Introduction to Net Present Value (NPV) - What is Net Present Value (NPV) ? How it impacts financial decisions regarding project management?

NPV solution for Antara: Building Experiences in Senior Living case study


At Oak Spring University, we provide corporate level professional Net Present Value (NPV) case study solution. Antara: Building Experiences in Senior Living case study is a Harvard Business School (HBR) case study written by Manpreet Hora, Geetika Shah. The Antara: Building Experiences in Senior Living (referred as “Antara Living” from here on) case study provides evaluation & decision scenario in field of Strategy & Execution. It also touches upon business topics such as - Value proposition, Strategy, Supply chain.

The net present value (NPV) of an investment proposal is the present value of the proposal’s net cash flows less the proposal’s initial cash outflow. If a project’s NPV is greater than or equal to zero, the project should be accepted.

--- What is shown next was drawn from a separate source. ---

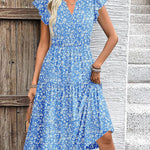 Nadorine Casual Ruffle Sleeve V Neck Midi Dress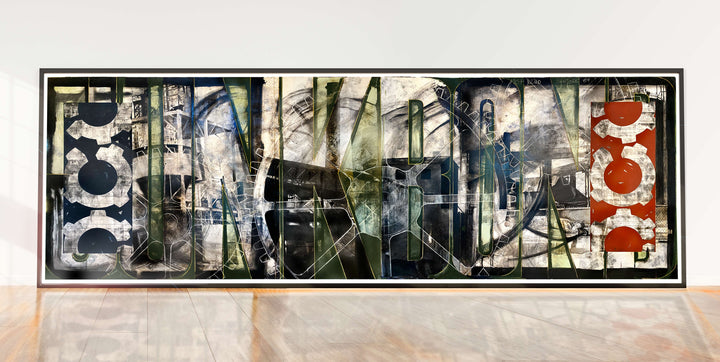 JUNK BOND 2020 Print Edition 42" x 130" Unframed Hand altered, painted giclée on hand torn hot press archival watercolor paper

NPV = Present Value of Future Cash Flows LESS Project’s Initial Investment






Case Description of Antara: Building Experiences in Senior Living Case Study


Antara Senior Living, a first-of-its-kind senior living community targeted at people in their mid-fifties and older, had been planned as a community, grounded in the principles of service and hospitality, and built specifically to ensure that its residents gained the maximum benefit from their environment. Built on a unique design philosophy that encouraged the highest quality of living, it aimed to provide for the care of the resident's physical health as well as their mind and spirit. The case, set in January 2017, describes the challenges facing Tara Vachani, the young CEO of Antara, as she watches her dream project take form and the project delivery date draws closer. Like any other startup, Antara was faced with the challenges of working in a new category with a unique product offering. Would Antara be able to establish a business model that would deliver on its commitments on service excellence? What should their operating strategy be? Should Antara look at any possible innovative service extensions that could be offered to seniors as a market at large? It was faced with the choice of either protecting its long-term vision of delivering a high-quality senior living offering or changing aspects of the product to bring it closer to traditional real estate offerings, thereby increasing the sales velocity and financial metrics of the business in the short term.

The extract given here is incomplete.